Announced Thursday, the "Artist In Residence" partnership extends over "the next two months," according to an initial report in The New York Times. But NBC Universal didn't specify a time frame, other than saying the deal "coincides" with the Nov. 10th release of The Circle.
Bon Jovi and his band won't be appearing on any other networks until at least Nov. 25th, when a climactic concert performance is set for NBC's Today show. As part of its "Bon Jovi Month," the No. 1-rated network morning show also will welcome the singer and his band on November's three previous Wednesdays. NBC Universal says it's offering "the opportunity to promote The Circle to a broad, diverse audience that cannot be matched in the industry."
Bon Jovi's advertisements for himself will extend to Brian Williams' NBC Nightly News, according to the announcement. That's a highly questionable gambit in which selling a CD is deemed newsworthy in deference to an overall corporate strategy. Williams really should draw a line in NBC's quicksand on this one, even if Bon Jovi's appearance on Nightly News reportedly will be tied to the singer's "philanthropic work."
Other announced venues include The Jay Leno Show, The Tonight Show and an appearance on Bravo's Inside the Actors Studio, where Bon Jovi will be the "featured guest" despite having never starred in a movie. He'll also tape a public service spot for NBC Universal's long-running "The More You Know" campaign. And his band's music will "be heavily integrated throughout NBC's network and cable programming," according to the publicity release.
Perhaps he can play Hardball with Chris Matthews, too. And what about Meet the Press? Those programs so far are unmentioned in NBC Universal's far-flung Bon Jovi-thon.
***On firmer ethical ground, NBC Universal also announced Thursday that Anheuser-Busch and its new Bud Light Golden Wheat brand will be the sole sponsor of the Oct. 17th edition of Saturday Night Live.
Keith Levy, Anheuser-Busch's VP of marketing, says in a statement, "We were looking for a unique way to highlight Bud Light Golden Wheat's launch, and the opportunity to integrate the brand into Saturday Night Live was one too good to pass up.
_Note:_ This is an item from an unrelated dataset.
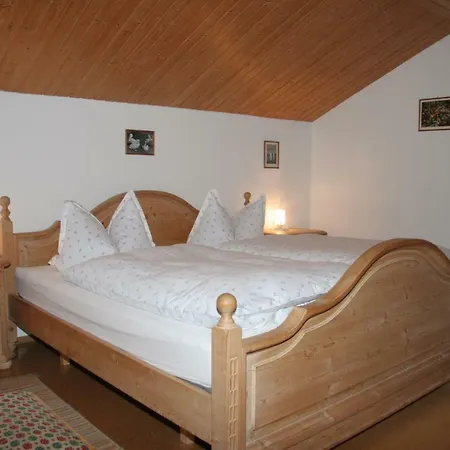 Heilingbrunner Apartment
During the episode we are able to incorporate Bud Light Golden Wheat authentically as part of the show's content, offer at-home viewers unprecedented backstage access during regular commercial slots and, at the same time, generate talk value among contemporary adult beer drinkers."
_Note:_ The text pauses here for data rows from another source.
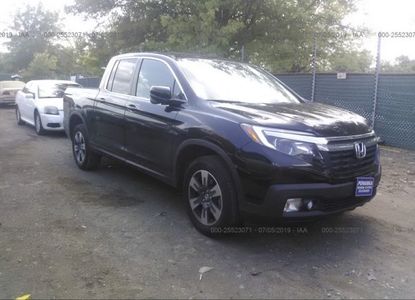 ავტომობილის ანგარიში VIN 5FPYK3F63KB014500 -ისთვის - სურათი 1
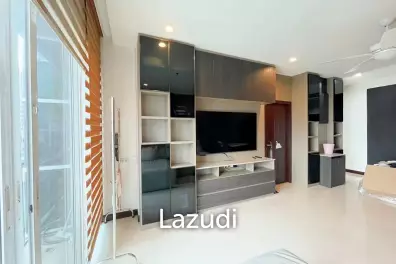 2 Bed 2 Bath 80 SQ.M at The Prime 11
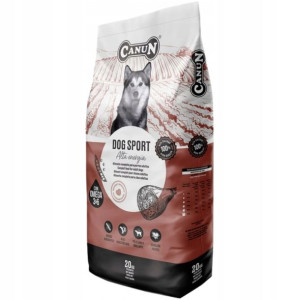 Canun Dog Sport 20kg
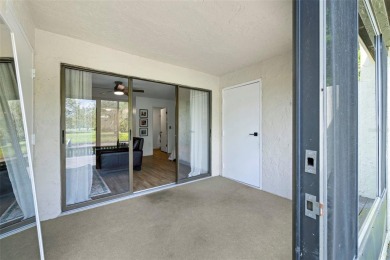 Charming Carrollwood Studio with Scenic Golf Course Views on Carrollwood Country Club in Florida - for sale on GolfHomes.com, golf home, golf lot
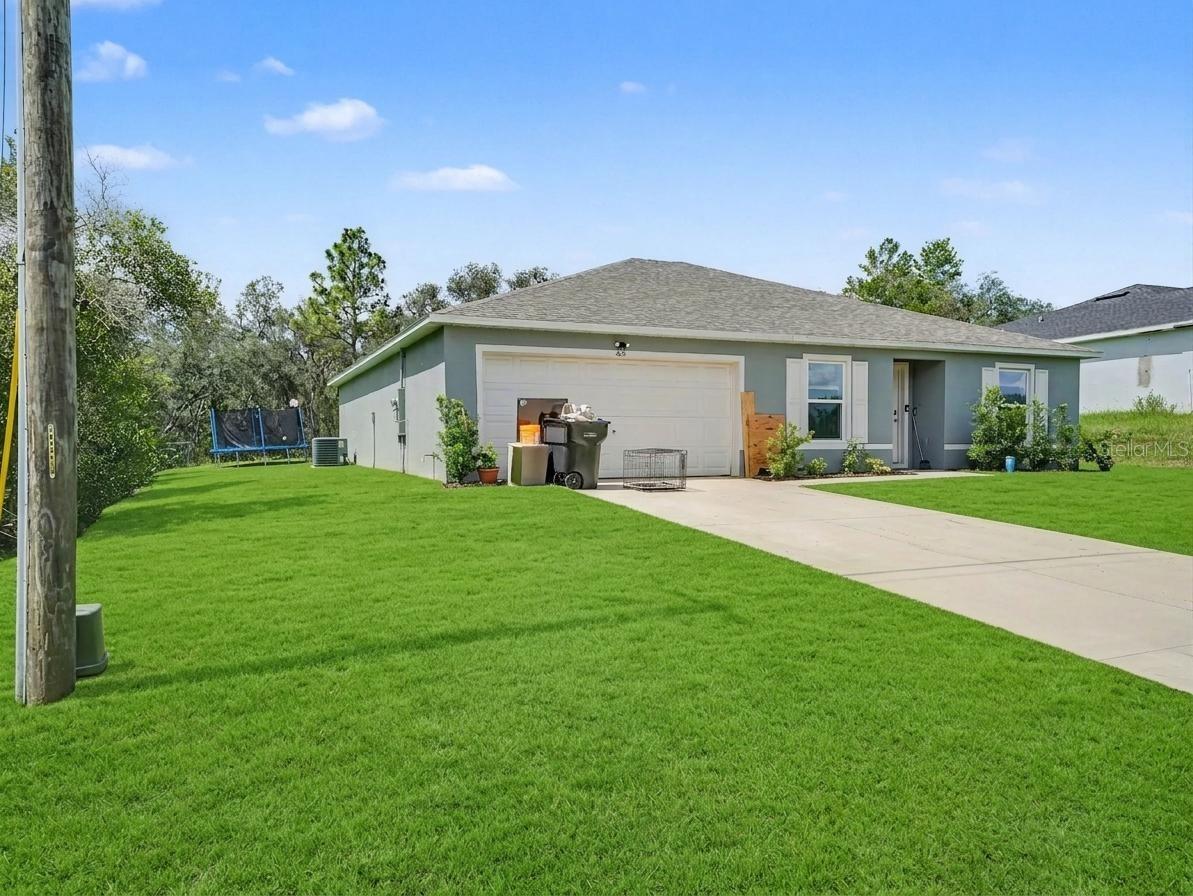 305 BOWFIN DRIVE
The announced host of the show, actor Gerard Butler, perhaps can be expected to develop a sudden fondness for Bud Light Golden Wheat. Not sure, though, if musical guest Shakira can be believably positioned as a beer drinker.
By ED BARK
NBC has stopped Southland in its tracks, axing the critically acclaimed cop drama before its second season could get underway.
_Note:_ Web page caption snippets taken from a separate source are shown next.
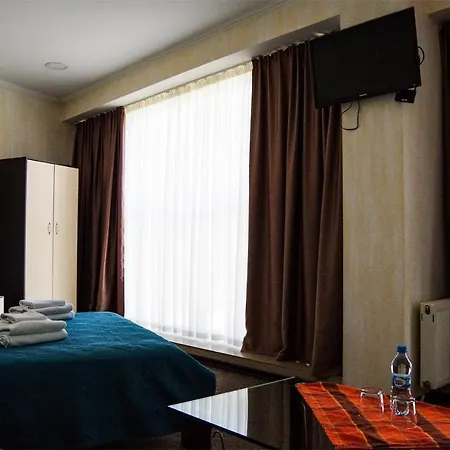 Marinara Otel 2*
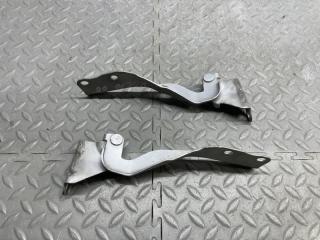 Петля капота TOYOTA PASSO KGC10 3 ракурс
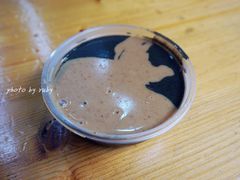 花生芝麻糊双拼-7元-芝麻糊世家(西华店)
Scheduled to premiere on Friday, Oct. 23rd after debuting last spring, Southland instead will be supplanted by Dateline, which already is airing in what was supposed to be the drama's 8 p.m. (central) slot.
The move further separates last-place NBC from the scripted programming that used to be its bread and butter. Of 22 available prime-time hours per week, a total of 13 are reserved for unscripted fare, ranging from Sunday's NFL football games and trimmings to The Jay Leno Show each weeknight at 9 p.m. (central).
***ABC has renewed three of its four new Wednesday night comedies for full seasons. Getting the pickups are Modern Family, Cougar Town and The Middle. That leaves Kelsey Grammer's Hank in the lurch as the night's lead-off hitter. It hasn't been canceled, but it's definitely not feeling the love.
By ED BARK
Rabid fans of Showtime's Dexter, now early in its fourth season, will have another outlet in Dexter: Early Cuts.
The 12 animated webisodes, each running one to two minutes, are scheduled to launch Sunday, Oct. 25th on sho.com.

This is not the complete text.